Onderschrift bij deze foto

De minderbroeders vestigden zicht te Sint-Truiden tussen 1220 en 1230. Het eerste huis bevond zich op de hoek der Minderbroeders- en Luikerstraat. Bouw van het klooster op de huidige plaats waarschijnlijk in de tweede helft van de 13de eeuw.

In 1258 voltooiing van de eerste kerk, de Sint-Annakerk; deze kerk was anders georiënteerd dan de huidige: zij lag met haar ingang bij de Naamsestraat, dus een zuiver oost-westelijke oriëntering. Het klooster was onmiddellijk naast de stadswal gelegen, vlakbij de Clockempoort; de vestiging vormde de zuidelijke afbakening der kloostertuin; in 1630 werd deze wal door de minderbroeders verhoogd. In 1730 sloping der eerste kerk en van 1731 tot 1735 bouw van de huidige kerk, mogelijk onder leiding van de monnik Bolgrez.

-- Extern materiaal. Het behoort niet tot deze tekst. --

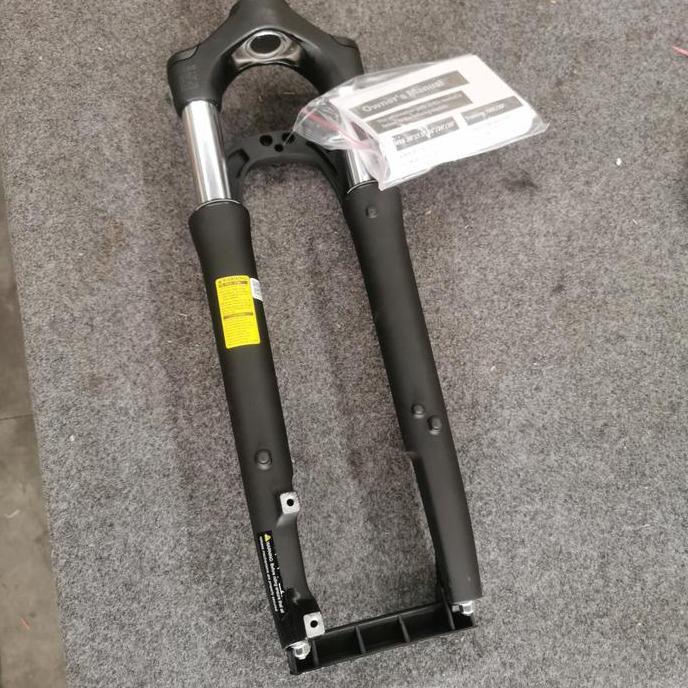 fork sepeda sr suntour nex 26inc disc lock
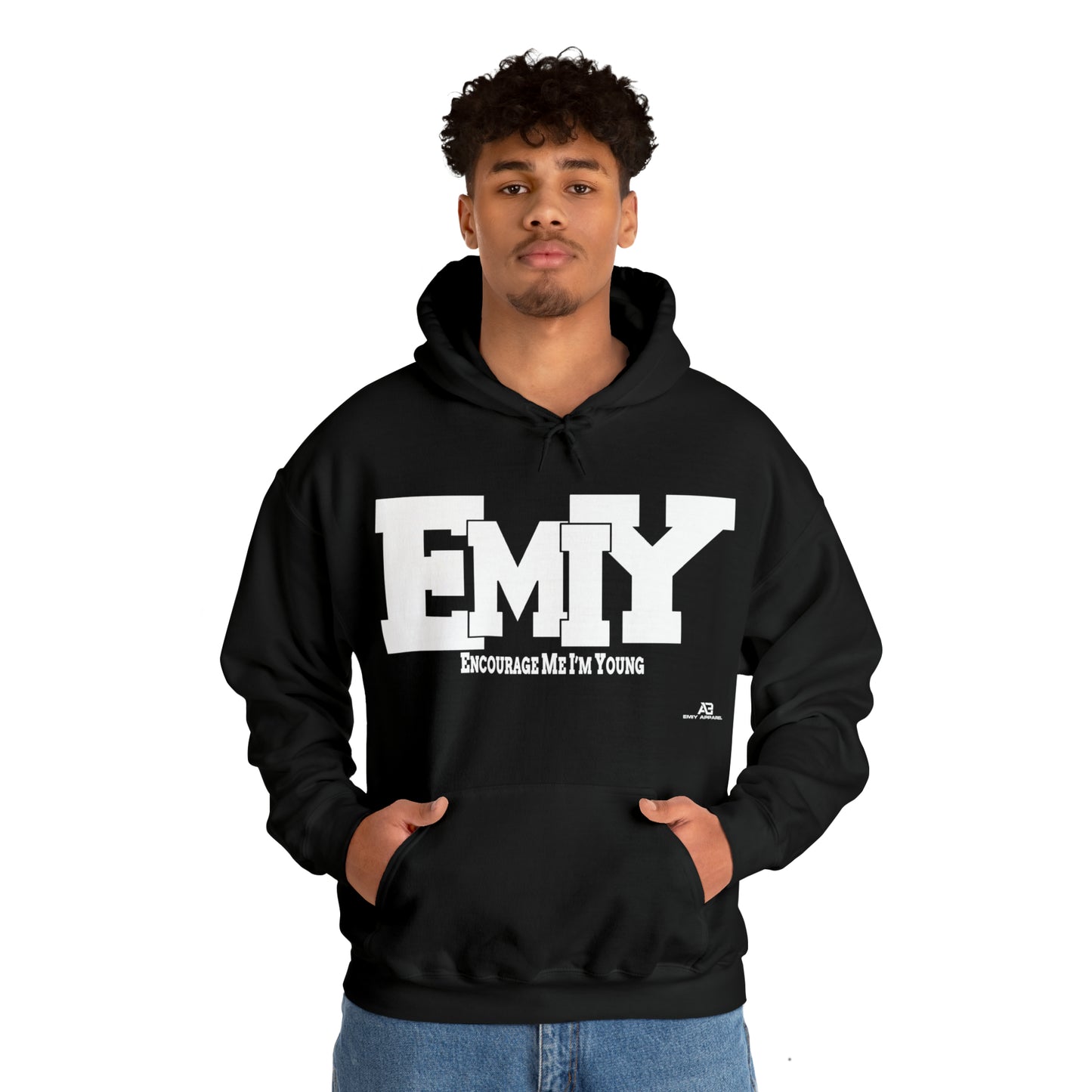 Men's EMIY Basic Hoodie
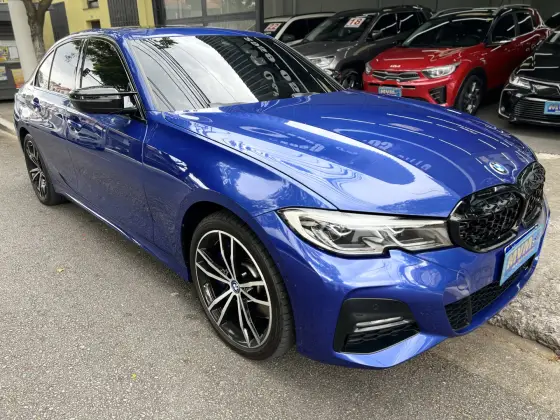 BMW 330e 2.0 16V TURBO HÍBRIDO M SPORT AUTOMÁTICO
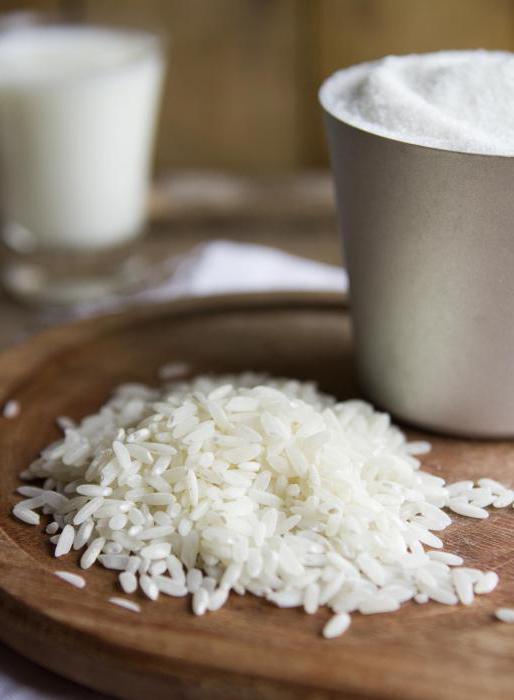 rice for risotto how to choose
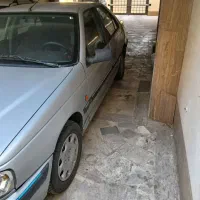 پژو پارس مدل مدل ۸۵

In 1780 werd de kerk verlaagd. In 1797 werd de orde opgeheven en de goederen verkocht; de franciscanen slaagden erin het goed op te kopen. In 1830 heropening van het klooster. 

Bij een bombardement in 1940 werd het grootste gedeelte van het klooster verwoest; het dak en een gedeelte van het mobilair der kerk gingen verloren. De kerk werd nog in hetzelfde jaar gerestaureerd en op haar oorspronkelijke hoogte van voor 1780 opgetrokken.

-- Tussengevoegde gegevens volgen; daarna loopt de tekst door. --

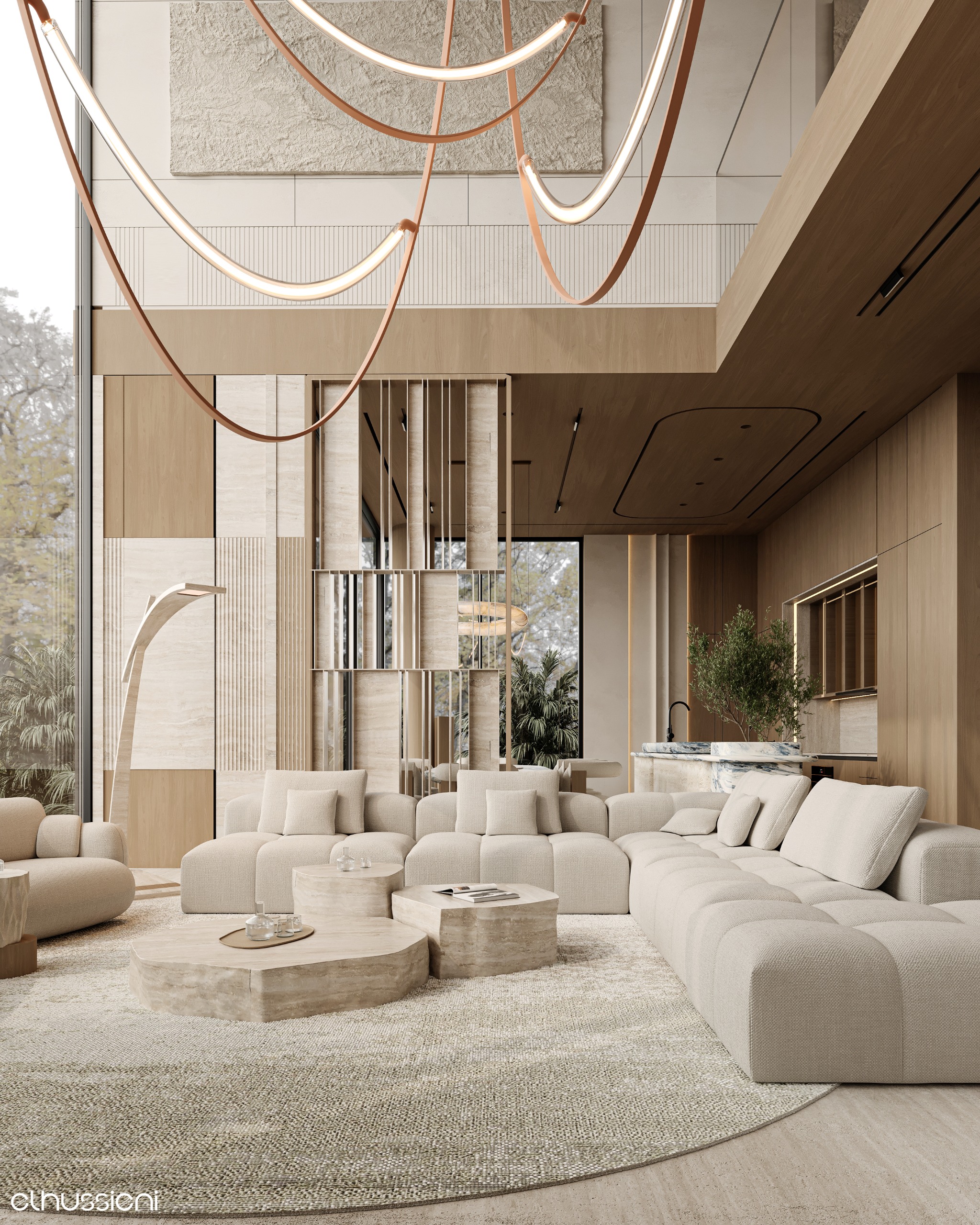 生活设计丨Mohamed.elhussien.designs-9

Onderschrift bij deze foto
Onderschrift bij deze foto

Het complex strekt zich uit tussen het Minderbroedersplein en de Capucienessenstraat. De noordgevel van kerk en klooster zijn naast elkaar gelegen aan de Minderbroedersstraat. De noordwestelijke gevel der kerk ligt aan het huidige Minderbroedersplein. Het complex bestaat uit een kloosterpand, ten zuidoosten aanleunend tegen de kerk, waaromheen vier vleugels zijn gegroepeerd; een tweede pand, eveneens omsloten door gebouwen, bevindt zich ten noordoosten hiervan. Ten zuidwesten van het eerste pand bevindt zich de sacristie van de kerk; ten zuidoosten, op de plaats van de vroegere infirmerie, recente gebouwen, evenals aan de zijde van de Capucienessenstraat (noordoosten). De kloostertuin is ten zuidwesten afgesloten door de oorspronkelijke stadswal; op de plaats van de huidige bergplaats bevond zich het vroegere pesthuis. Het zuidoostelijke gedeelte der kloostertuin behoorde vroeger toe aan het klooster der zusters visitandinen, gelegen in de Capucienessenstraat; bij de opheffing van het klooster in 1923 werd de tuin bij die der Minderbroeders gevoegd; goed onderhouden tuin met fraaie beuk; de noordoostelijke kloostermuur is die van het voormalig klooster der zusters visitandinen.

De kloosterkerk Sint-Franciscus Solanus, noordoostelijk-zuidwestelijk georiënteerd, vormt het hoekpand der Minderbroedersstraat; de voorgevel maakt deel uit van de straatwand.

De plattegrond beschrijft een ruime zaalkerk van zeven traveeën en een smaller koor van vijf rechte traveeën met driezijdige sluiting, aan de noordwestzijde door een sacristie geflankeerd. De zuidoostzijde gaat schuil achter de kloostergebouwen. Bakstenen gebouw op een vrij hoge, kalkstenen plint; mergelstenen hoekbanden; zadeldaken (leien), met klokkenruiter boven de rechte koortravee.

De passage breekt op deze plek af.